I hated making important decisions, or rather the prospect of being held accountable for them, so I found it best to try and spread the responsibility around as much as possible; if things went well I could still claim credit, and if they went poorly there was always a convenient scapegoat ready and waiting. Fortunately, I had Captain Frostbite and Square Basher with me, and so I asked them for their thoughts on the matter.

“I don’t like it, sir,” said Square Basher, as Frostbite was still apparently too stunned to respond. “Can’t trust a bug as far as I can throw ‘em, but some of our colts and fillies won’t survive the night without proper medical treatment. Just what I think, sir.”

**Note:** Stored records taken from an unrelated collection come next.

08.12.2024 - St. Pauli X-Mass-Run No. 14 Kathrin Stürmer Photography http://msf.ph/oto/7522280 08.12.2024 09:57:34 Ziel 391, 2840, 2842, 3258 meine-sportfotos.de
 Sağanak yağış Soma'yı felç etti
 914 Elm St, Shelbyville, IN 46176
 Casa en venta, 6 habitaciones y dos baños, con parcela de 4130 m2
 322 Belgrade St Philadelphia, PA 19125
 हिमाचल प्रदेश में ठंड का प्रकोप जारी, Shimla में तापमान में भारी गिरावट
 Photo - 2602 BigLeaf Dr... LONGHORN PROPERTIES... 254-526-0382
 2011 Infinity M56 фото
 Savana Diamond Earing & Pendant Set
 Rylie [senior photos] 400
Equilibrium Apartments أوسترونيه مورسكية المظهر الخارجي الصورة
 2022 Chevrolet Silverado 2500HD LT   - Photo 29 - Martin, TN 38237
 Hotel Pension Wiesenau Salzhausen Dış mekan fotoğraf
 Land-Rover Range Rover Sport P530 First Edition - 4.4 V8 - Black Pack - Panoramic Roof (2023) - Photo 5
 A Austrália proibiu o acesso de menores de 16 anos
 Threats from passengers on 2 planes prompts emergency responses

That prompted Frostbite into finally forming an opinion. “Fine, but you’ll run him through the moment the bugs try anything, eh?”

“Hives, we wouldn’t dream of it!” proclaimed Captain Lacewing, as though he had been gravely insulted.

Nevertheless, that was that settled. We took our hostages, one willing and the others looking about as nervous as the slathering beasts possibly could, as far away from our formation as we dared to without leaving ourselves too exposed. As this was apparently my responsibility, I accompanied them and the guard of five rather confused earth ponies to a spot a dozen yards by our furthest picquet line, while Frostbite went about organising the evacuation of our wounded, mostly pegasi, back down to the main camp at the base of the hill. We watched them depart together, those who were still capable flew and the rest were carried on stretchers on hoof, in this thoroughly surreal moment of calm, sense, and order in a world where all of that felt less and less relevant as this damned war dragged on. This grim, morbid procession of ponies whose lives would be changed forever by today marched on by, past the formations of Changelings that flanked our line of retreat. I waited for the inevitable betrayal, but to my continued surprise the enemy simply let them be, and the column of wounded and their carers slipped through this corridor usncathed.

Perhaps, I thought, there was some tiny glimmer of honour left, and inexplicably it was found in the Changelings. Of course it makes sense now, with the benefit of hindsight and the knowledge of what would come later, but it is impossible for me to overstate just how utterly shocking it was that an enemy we had known to be so thoroughly void of scruples and morals to behave in such a manner approaching chivalry, even if it gave them the dubious advantage of allowing a few select individuals to view our meagre defences.

I belatedly realised that I could have earned a spot amongst those lucky ponies, but it was too late for that now.

Nevertheless, the Changelings had unexpectedly kept up their side of the bargain, so therefore it was our turn. Captain Lacewing, who had hitherto remained in silent contemplation with his drones despite his earlier talkative behaviour, seemed to pick on the cognitive dissonance tugging at my brain, and flashed one of his odd grins. “Don’t worry,” he said, “we’ll go back to killing each other tomorrow morning.”

He bade us a good night, and I reciprocated out of mere politeness. With a tug on the brim of his helmet and another smile that, despite the presence of fangs, was warm, he turned on his hooves and led his grateful bodyguards away and back across the gulf to his own lines, where no doubt they had been just as anxious about his return as we were about the fate of our own wounded. I returned to that meeting with a relieved Captain Frostbite, the centre of our formation now cleared of our troublesome wounded ponies, with a peculiarly bittersweet sensation in my breast.

Decades later, I still wonder what happened to Captain Lacewing.